::: Exercise data :::

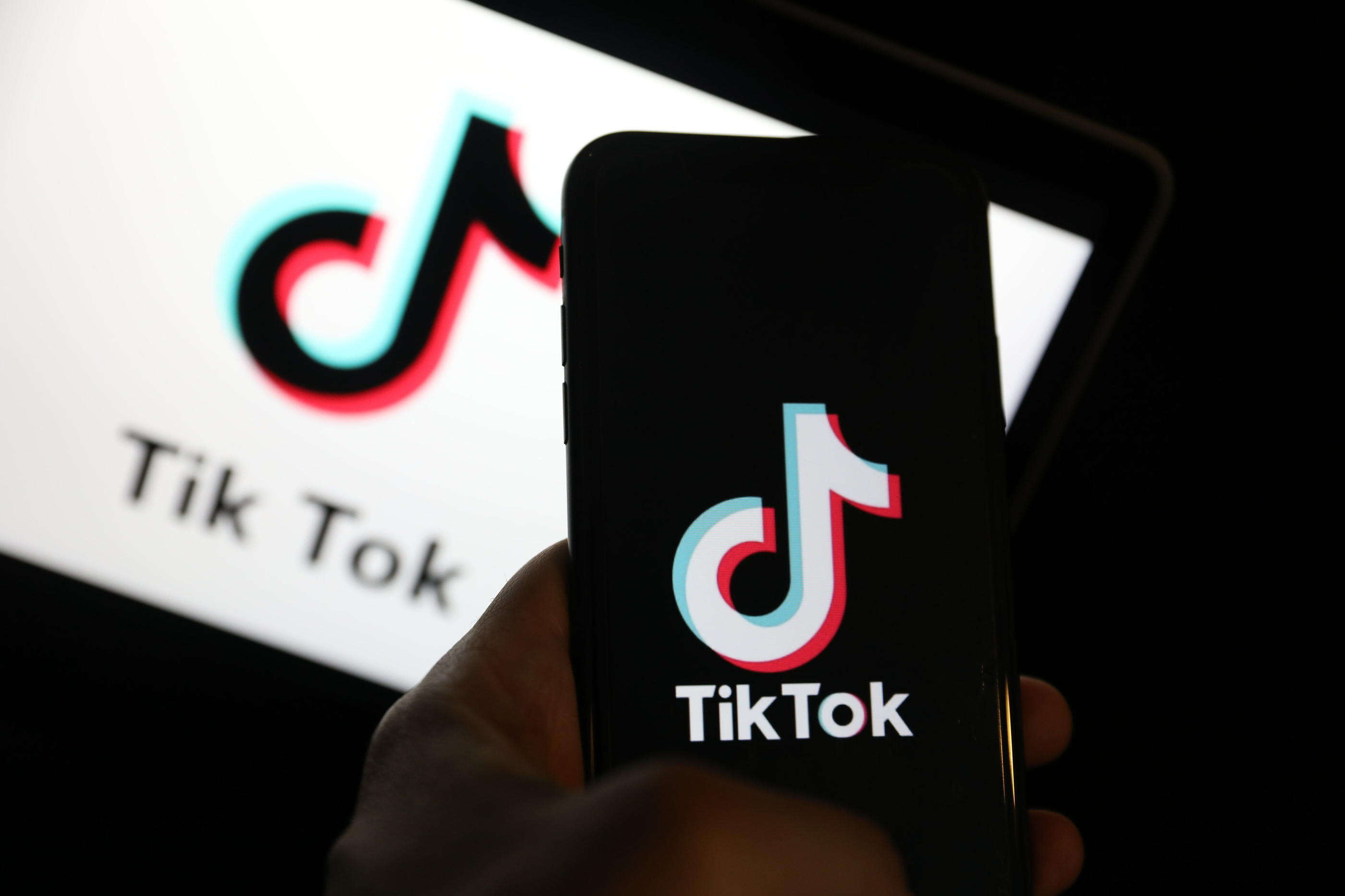 « Vous n’avez pas vraiment faim » : une influenceuse accusée de promouvoir des comportements anorexiques bannie de TikTok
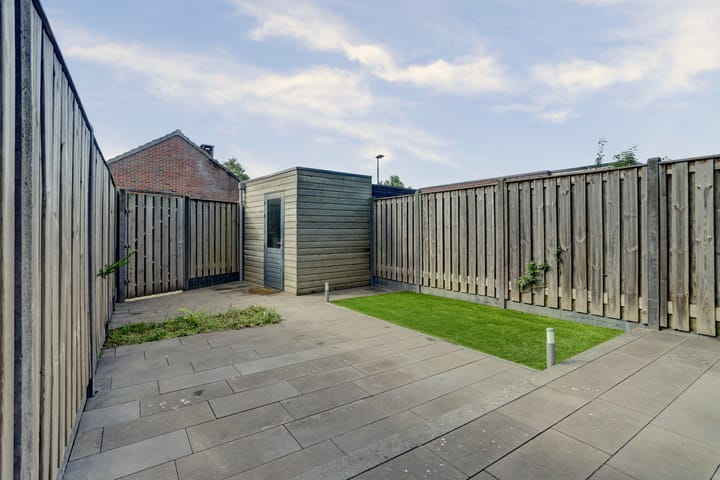 Foto 30 van Pastoor van der Meijdenstraat 7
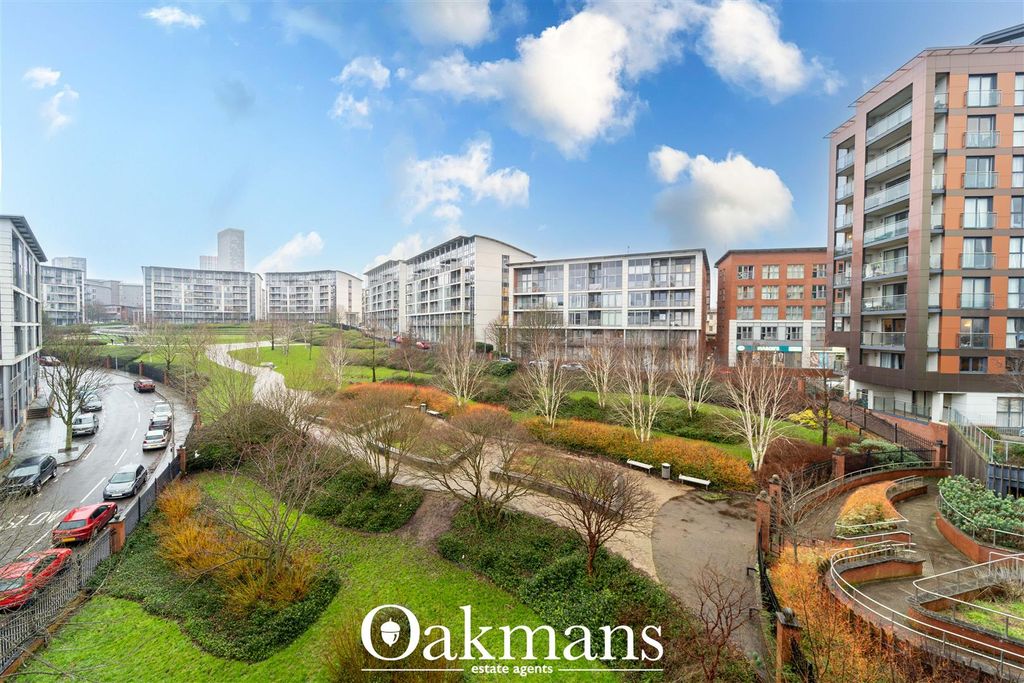 Property photo 1 of 13 Dom01255-Edit.Jpg
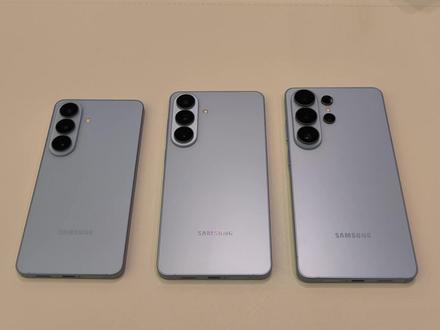 旗舰性能 超实用AI体验 三星Galaxy S26系列上手 今天我们抢先上手了三星全新 S26 系列三款旗舰,包括S26、S26+、S26 Ultra,一次性讲清外观差异与核心配置,帮你快速选对机型。#三星GalaxyS26系列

:::

Prompt:
Leaving out the pictures, reproduce the whole listing above exactly.

Result below:
 « Vous n’avez pas vraiment faim » : une influenceuse accusée de promouvoir des comportements anorexiques bannie de TikTok
 Foto 30 van Pastoor van der Meijdenstraat 7
 Property photo 1 of 13 Dom01255-Edit.Jpg
 旗舰性能 超实用AI体验 三星Galaxy S26系列上手 今天我们抢先上手了三星全新 S26 系列三款旗舰,包括S26、S26+、S26 Ultra,一次性讲清外观差异与核心配置,帮你快速选对机型。#三星GalaxyS26系列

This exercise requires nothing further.